Again, Conditional Correlations is a great insight and so is the work done in quantifying them David. Once again I feel you are pushing forward the science of quantitative investing and shining a light on why things work.

Carl

Carl,

The post detailing a recursive algorithm for computing conditional correlation rankings is on my blog now. I call it a stepwise correlation rank algorithm, since that’s what it ranks correlation in a stepwise fashion, as opposed to conditional correlation, but that’s semantics.

Here:

http://quantstrattrader.wordpress.com/2014/10/27/introducing-stepwise-correlation-rank/

Excellent, I’ll take a look. Thanks for putting this together Ilya!

thanks carl, i appreciate the kind words. i thought it was a subtle point at the time rather than a breakthrough, but im glad to hear that it inspires a lot of new ideas- some of which you have mentioned are certainly worth exploring. there are in fact lots of subtleties that i alluded to in the post, and i think the most important thing is being able to find solutions that address them directly rather than focus on a strategy- which comes with a set of rules and a universe which does not clearly expose the strengths/weaknesses of a system in a backtest.

best

david

This is a really original work on the subject and I think will lead to many other future findings.

https://nightlypatterns.wordpress.com

thanks aimdal, i appreciate that. i certainly hope so.

best

david

David,

When talking about “the” correlation do you refer to an average correlation since quite some years or the current correlation? Wouldn’t it be good to calculate with AT LEAST the average correlation, MAYBE the current correlation and FOR SURE the average correlation in past down markets? Personally I would want to have some (calculated) protection against a worst case scenario so I would like to use correlation calculations when markets tank or have tanked.
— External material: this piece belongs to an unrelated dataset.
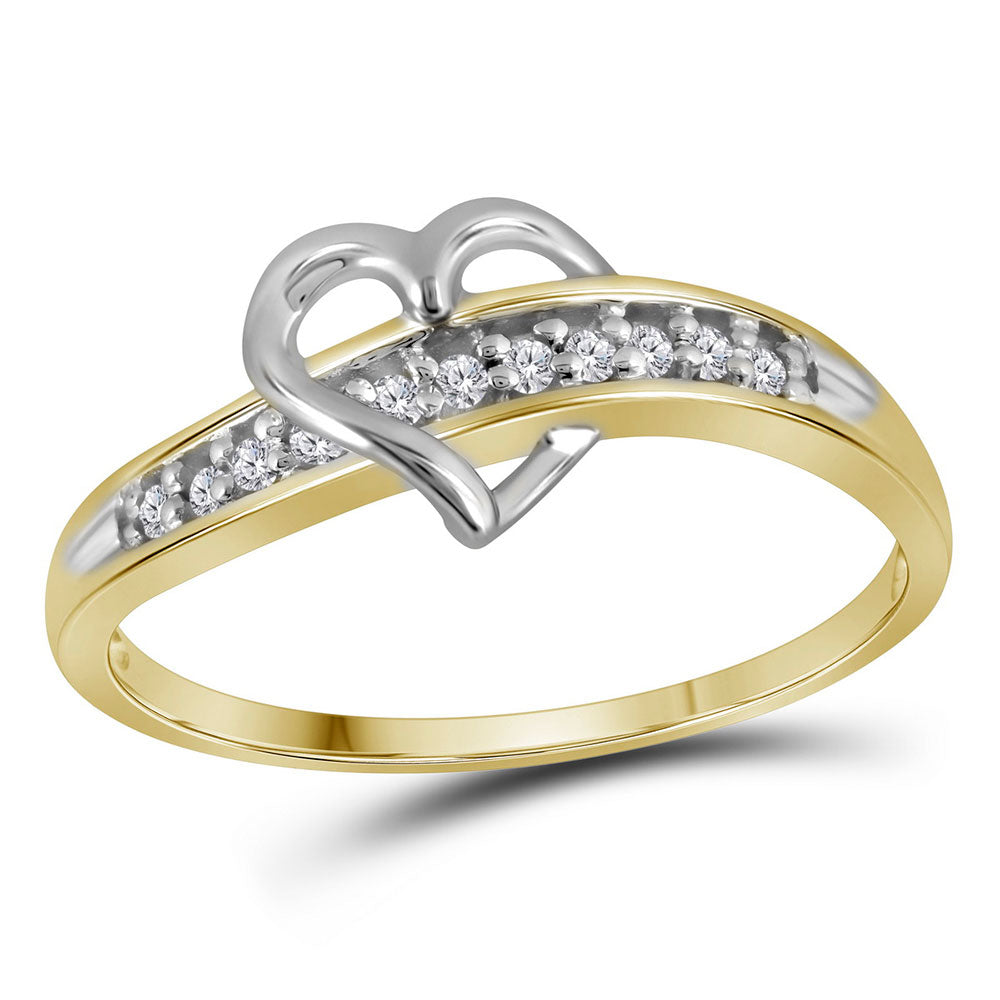 10kt Yellow Gold 1/20ct Diamond Heart Ring Size 8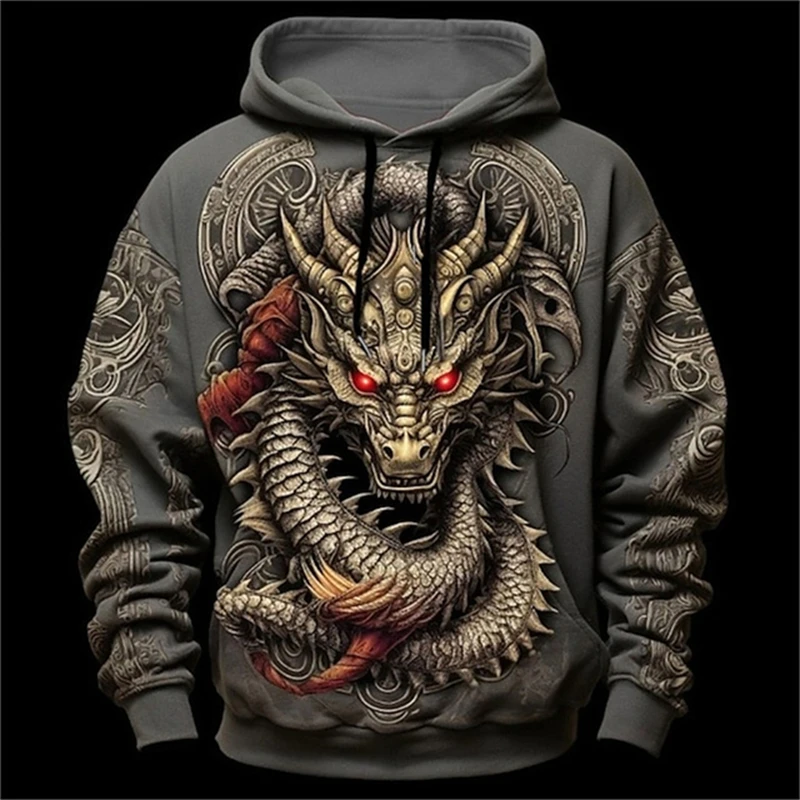 New Chinese Loong Printed Men\'s Hoodie Fashion 3D Dragon Pattern New Sweatshirt Hip Hop Harajuku Oversized Pullover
Is this kind of information available as far as you know?

Thanks!

drftr

hi drftr, i think that what you are talking about is a fundamental flaw in using correlations altogether–they don’t capture all the information that you would want to know, and there is no easy solution. however some of the ideas you are mentioning can improve upon just using a short-term historical window for calculation. unfortunately, for many assets with the explosion of ETFs etc, we do not have sufficient history to gauge what would happen since the data is limited. that is why it is important to use a single index model or something like that to better estimate such situations.